Ferndale appeal has no impact on cost of new stormwater rules
A stricter state stormwater permit that will cost local governments thousands of dollars - if not millions - is on schedule, after an appeal by Ferndale and other small cities was resolved in the state's favor. Minor changes to the requirements that Bellingham, Lynden, Ferndale and parts of Whatcom County must meet are up for public comment until Oct. 6. The permit will be finalized by the end of the year, according to the Department of Ecology... The permit requires cities and counties with storm systems to take more water samples and file more reports to the state. Eventually, it will require all new development to meet low-impact standards that reduce stormwater runoff. Ralph Schwartz reports. (Bellingham Herald)
Is sewage mail-out plan to Esquimalt residents down the tube?
The Capital Regional District has hit the pause button on plans to mail out a flyer that asks Esquimalt residents to reconsider their rejection of a sewage treatment plant at McLoughlin Point. Esquimalt council refused to approve a CRD proposal for a sewage plant at the site, and the B.C. government declined to overrule the township. So CRD directors voted last month to go directly to Esquimalt voters and offer to cover their share of building costs....In light of the opposition, CRD board chairman Alastair Bryson put a hold on the flyers until the board and sewage committee have confirmed their support for the strategy. The matter is slated to come up for debate Wednesday. Lindsay Kines reports. (Times Colonist)
WDFW director to leave at the end of the year
After nearly six years at the helm, Washington Department of Fish and Wildlife (WDFW) Director Phil Anderson has informed the state Fish and Wildlife Commission he will resign from his position, effective Dec. 31.

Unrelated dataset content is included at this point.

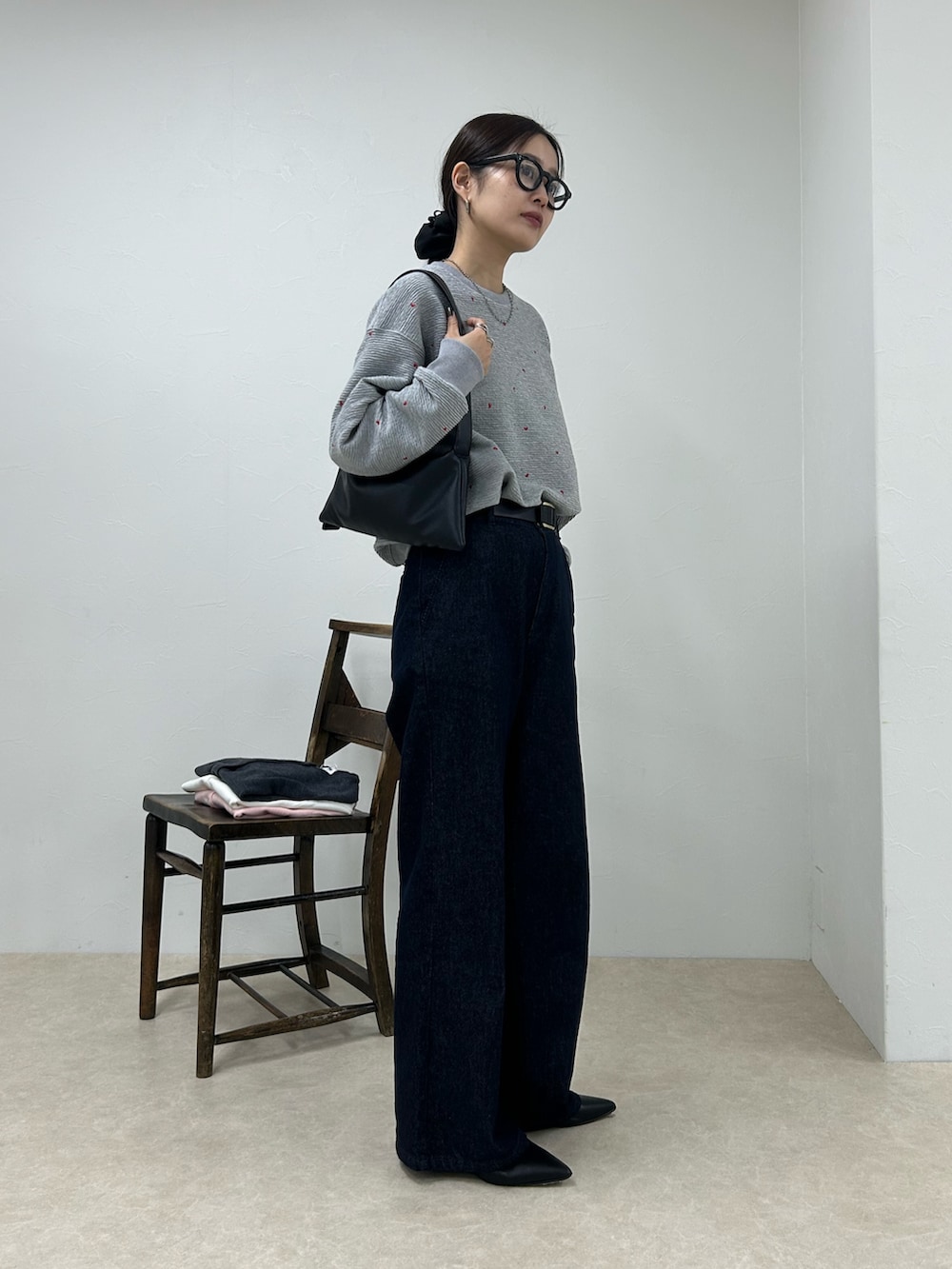 グレー系のスウェット、ブルー系のデニムパンツ、ブラック系のショルダーバッグを着用したレディースの秋コーディネートの2枚目の写真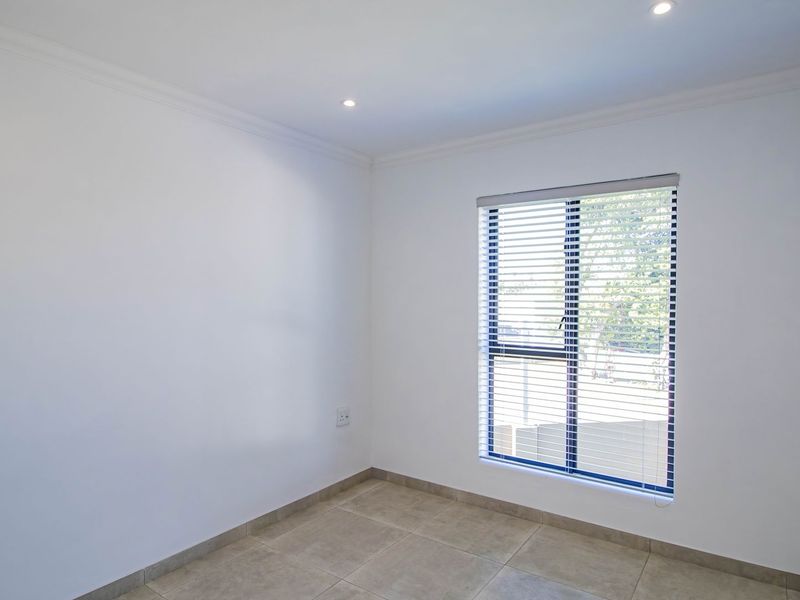 A bright, empty bedroom featuring neutral tiled flooring, recessed downlighting, and a window fitted with venetian blinds.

Kinder Morgan’s US$70-billion restructuring could usher in new round of deal-making in energy sector
In a conference call Monday, chairman and CEO Rich Kinder said the newly streamlined company — the largest energy infrastructure company in North America — could grow further through purchases in the natural gas and crude oil pipeline and processing sector. The new structure will have lower borrowing costs and can use its single stock as currency to buy competitors. Claudia Cattaneo reports. (Financial Post)
Calls for global network of buoys to monitor ocean acidification
Does the nation need a national strategy on rising levels of acidity in the oceans? And can that strategy protect tens of thousands of jobs in the American fishing industry? U.S. Senators Maria Cantwell, (D) Washington and Mark Begich, (D) Alaska, are calling for such a strategy based on data from an expanding network of buoys that will monitor ocean chemistry and acidity levels. Glenn Farley reports. (KING) See also: How Ocean Chemistry Threatens The NW Oyster Industry (EarthFix)
University of Victoria puts First Nations land claim mapping in the spotlight Native communities across Canada are mapping their lands, a step that is vital in land claim negotiations since many First Nations are running into problems of territorial overlap. But at the University of Victoria researchers have developed sophisticated mapping technologies to try to help clearly show land and resource boundaries as well as shared lands. Kim Pemberton reports. (Vancouver Sun)
Now, your tug weather--
WEST ENTRANCE U.S. WATERS STRAIT OF JUAN DE FUCA- 232 AM PDT TUE AUG 12 2014
SW WIND 5 TO 15 KT. WIND WAVES 2 FT OR LESS. W SWELL 5 FT AT 10 SECONDS. A CHANCE OF SHOWERS.
SW WIND 5 TO 15 KT. WIND WAVES 2 FT OR LESS. W SWELL 4 FT AT 10 SECONDS. A CHANCE OF SHOWERS.